Business Context
Google Cloud’s technical enablement team receives thousands of internal and customer-facing questions about GenAI, ML, and NLP across support channels, training forums, and solution review queues. They want an NLP system that can automatically route each question to the right topic bucket so specialists can respond faster and reporting can show where confusion is concentrated.
Data
You are given a historical dataset of 420,000 English-language questions collected from Google Cloud training portals, support forms, and internal Q&A threads.
- Task: classify each question into one of 3 labels: GenAI, ML, or NLP
- Text length: 8-220 tokens, median 34 tokens
- Language: English only
- Label distribution: GenAI 28%, ML 37%, NLP 35%
- Noise: duplicated questions, product names (Vertex AI, BigQuery, Gemini), markdown fragments, URLs, and occasional code snippets
Success Criteria
A good solution should achieve:
- Macro-F1 ≥ 0.88 on a held-out test set
- Per-class F1 ≥ 0.85 for NLP and GenAI
- Inference latency < 80 ms per query in batch scoring
- Clear handling of ambiguous questions such as “How is an LLM different from a traditional NLP classifier?”
Constraints
- Must run in a Google Cloud production environment with modest GPU availability
- The model should be explainable enough for QA reviewers to inspect common failure modes
- Weekly retraining is allowed, but heavy manual relabeling is not
Requirements
- Build a 3-class text classification pipeline for GenAI vs ML vs NLP questions.
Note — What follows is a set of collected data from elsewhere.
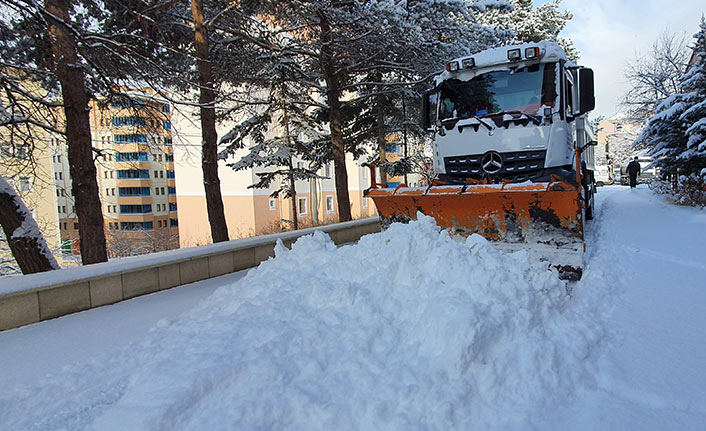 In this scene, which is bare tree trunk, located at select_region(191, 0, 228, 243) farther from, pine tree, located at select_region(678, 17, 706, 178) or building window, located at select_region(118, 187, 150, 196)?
building window, located at select_region(118, 187, 150, 196)

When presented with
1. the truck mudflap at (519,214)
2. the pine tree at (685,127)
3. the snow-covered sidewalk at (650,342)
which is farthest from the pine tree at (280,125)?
the pine tree at (685,127)

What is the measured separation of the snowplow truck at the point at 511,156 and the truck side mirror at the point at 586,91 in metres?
0.01

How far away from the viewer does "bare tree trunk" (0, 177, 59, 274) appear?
295 inches

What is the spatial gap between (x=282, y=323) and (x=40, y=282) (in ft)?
9.66

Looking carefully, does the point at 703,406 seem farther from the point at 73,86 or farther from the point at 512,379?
the point at 73,86

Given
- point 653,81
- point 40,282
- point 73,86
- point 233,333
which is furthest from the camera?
point 653,81

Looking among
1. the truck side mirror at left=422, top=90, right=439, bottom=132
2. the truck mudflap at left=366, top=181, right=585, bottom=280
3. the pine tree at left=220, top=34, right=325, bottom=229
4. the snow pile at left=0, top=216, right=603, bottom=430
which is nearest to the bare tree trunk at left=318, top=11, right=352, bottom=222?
the pine tree at left=220, top=34, right=325, bottom=229

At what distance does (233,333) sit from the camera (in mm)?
3789

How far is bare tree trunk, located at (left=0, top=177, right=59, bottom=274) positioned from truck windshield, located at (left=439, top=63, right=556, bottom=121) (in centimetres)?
760

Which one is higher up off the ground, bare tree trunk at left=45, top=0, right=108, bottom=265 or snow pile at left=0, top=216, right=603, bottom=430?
bare tree trunk at left=45, top=0, right=108, bottom=265

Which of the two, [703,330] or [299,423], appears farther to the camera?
[703,330]

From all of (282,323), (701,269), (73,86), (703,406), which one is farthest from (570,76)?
(73,86)

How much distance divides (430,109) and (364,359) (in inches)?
227

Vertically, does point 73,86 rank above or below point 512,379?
above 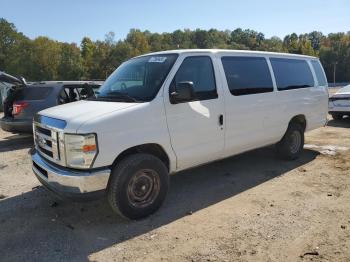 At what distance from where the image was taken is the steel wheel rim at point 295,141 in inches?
299

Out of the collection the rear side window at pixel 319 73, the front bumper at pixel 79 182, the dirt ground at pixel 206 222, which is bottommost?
the dirt ground at pixel 206 222

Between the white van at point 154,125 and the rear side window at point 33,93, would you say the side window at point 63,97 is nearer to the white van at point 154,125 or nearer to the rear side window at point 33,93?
the rear side window at point 33,93

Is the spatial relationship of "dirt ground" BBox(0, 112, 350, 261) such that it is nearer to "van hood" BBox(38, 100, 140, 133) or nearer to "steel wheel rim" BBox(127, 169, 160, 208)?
"steel wheel rim" BBox(127, 169, 160, 208)

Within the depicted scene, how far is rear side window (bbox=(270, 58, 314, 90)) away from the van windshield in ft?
8.28

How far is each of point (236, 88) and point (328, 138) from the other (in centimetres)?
524

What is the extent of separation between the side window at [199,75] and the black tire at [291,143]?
8.34ft

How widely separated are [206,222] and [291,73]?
3908 mm

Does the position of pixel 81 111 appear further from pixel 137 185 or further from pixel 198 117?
pixel 198 117

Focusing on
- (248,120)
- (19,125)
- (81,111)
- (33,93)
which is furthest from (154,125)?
(33,93)

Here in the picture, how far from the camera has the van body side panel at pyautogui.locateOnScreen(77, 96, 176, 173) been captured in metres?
4.34

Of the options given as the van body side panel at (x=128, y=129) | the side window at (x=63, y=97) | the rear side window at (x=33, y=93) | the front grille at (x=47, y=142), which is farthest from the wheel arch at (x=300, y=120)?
the rear side window at (x=33, y=93)

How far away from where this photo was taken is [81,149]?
428cm

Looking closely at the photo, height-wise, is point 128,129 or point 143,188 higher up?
point 128,129

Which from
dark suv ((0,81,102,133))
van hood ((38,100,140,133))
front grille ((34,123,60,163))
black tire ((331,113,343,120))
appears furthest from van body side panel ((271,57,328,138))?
black tire ((331,113,343,120)) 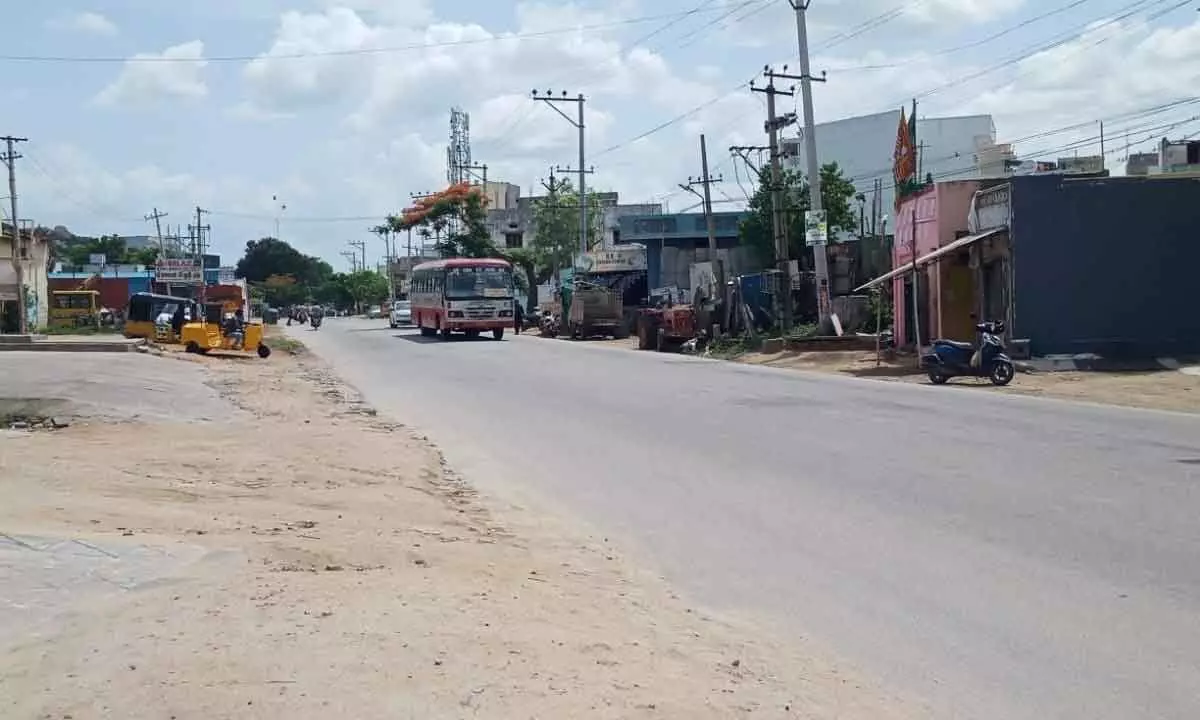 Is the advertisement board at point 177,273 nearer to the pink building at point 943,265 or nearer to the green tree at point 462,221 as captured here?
the green tree at point 462,221

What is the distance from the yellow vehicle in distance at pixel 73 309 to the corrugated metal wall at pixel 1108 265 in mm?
53163

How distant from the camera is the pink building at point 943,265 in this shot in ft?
97.3

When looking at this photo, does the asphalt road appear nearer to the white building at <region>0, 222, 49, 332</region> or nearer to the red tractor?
the red tractor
- Describe preprocessing for product names, code fragments, URLs, and repeated boilerplate.
- Implement a modern Python solution using a transformer baseline and a lightweight comparison baseline.
- Define evaluation metrics, validation strategy, and ambiguity/error analysis.
- Explain how you would distinguish high-level conceptual NLP questions from broader GenAI or ML questions.